I've had a bit of a light bulb moment about keeping the road home smooth. First, both kids showed real personal growth today and I'm immensely proud of them! And it made me sad that I couldn't share this with H because we don't have that openness anymore. It finally dawned on me that I can offer to share and that will allow him the opportunity to come to the table and show his effort too.
So I sent a text: Girls made me super proud today. I'd like to share with you if you have time to talk some time. lmk.
He replied: ok. I got your email (post about 5 LL earlier). I've been incredibly busy this week but I'll make some time this weekend to reply to it.
So whether he does it or not, whether he calls about girls or not, I feel very good about reaching out and offering to share. We'll see him a bit this weekend at station visit and briefly on Sunday, so there will be opportunities to talk.

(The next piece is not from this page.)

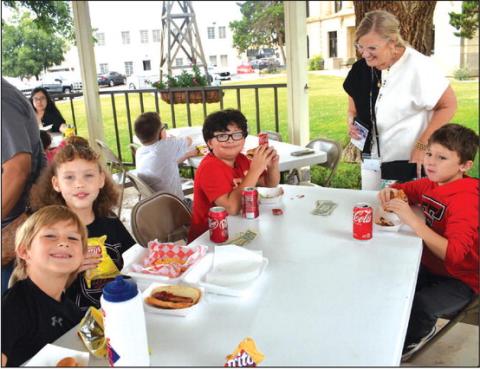 OUTDOOR FUN - Miss Utley’s Class from Capital Middle School GT 3rd grade class were out at the Hockley County Court House Gazebo on Thursday doing their project about food trucks. Pictured in no particular order are: Morgan Cambell, Kale DeArmond, Qynley Winn, Bryan Jordan, Herisson, Randell, Eric Rendon.(Staff photo by Emily Campos)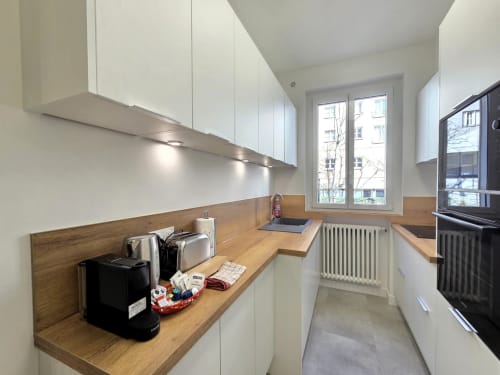 Cuisine contemporaine aux armoires blanches, plan de travail en bois et électroménagers intégrés dans un appartement à Levallois-Perret, près de Paris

I've had a bit of a barrier in my head about rebuilding trust and openness and I realized yesterday when H offered to check on house/cats while we're gone, that I have to create opportunities for earning trust in order to rebuild. Before it felt like laying a booby trap, but something flipped in my brain and I don't feel that way today. Maybe because my motivations have changed. I'm not looking or affording chances expecting him to fail. I'll continue to give the chances and his results have no personal effect on me because I feel good about what I'm doing.
Feel like I've just wrestled something in my head and WON!